The price of the raw materials and the energy costs associated with spunbond nonwovens rose sharply in 2005 because of an increase in worldwide petroleum prices. This caused profits for major manufacturers to deteriorate. Therefore, each company tried to hike the price of nonwovens, but some customers would not accept these rising prices. This affects the profits of many nonwovens manufacturers. Passing along prices has been particularly difficult in the diaper market, because these product are made primarily of polypropylene-based spunbond nonwovens.

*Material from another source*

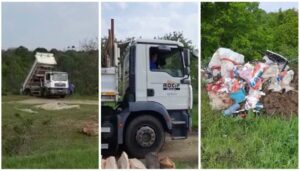 Scandalos! Mașină de la ROCIP filmată când aruncă gunoi în pădure
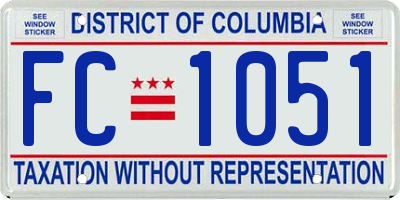 DC license plate FC1051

Mitsui Chemicals, a leading manufacturer of polypropylene spunbond nonwovens in Japan, produces polypropylene-based spunbond nonwovens in Thailand, through its wholly owned subsidiary MHM Co. MHM’s capacity is currently 14,000 tons per year, and this figure will increase by 20,000 tons when the construction of a new plant is complete. Operation of this new plant is expected to begin in early 2007. It will bring Mitsui Chemical’s total capacity to 68,000 tons with half produced in Japan and half made in Thailand. The company reports that 50% of its sales are conducted in Japan; 30% in Southeast Asia and 20% in China.

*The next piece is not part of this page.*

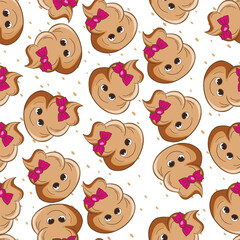 Seamless pattern with kawaii poop on white background. Cartoon poo, feces icons. Shit patterns, evil turd. Vector illustration for invitation, poster, card, fabric, textile. Doodle style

Meanwhile, Unitika produces nonwovens in Thailand through its Tusco joint venture with Teijin Films. Tusco produces 4000 tons of polyester-based spunbonded nonwovens a year. Additionally, Toray produces 4000 tons of the material a year in China and its joint venture with Saehan Industries (Toray Saehan) in South Korea makes 52,000 tons of polypropylene-based spunbond nonwovens a year. Toray has a 73.2% stake in this venture, while Saehan owns 26.8%. This makes Toray Group the largest producer of spunbond nonwovens in Asia with a capacity of 60,000 tons. Although Asahi Kasei is the largest maker of spunbond nonwovens in Japan, the company has not expanded its production into other foreign countries, nor does it have plans to.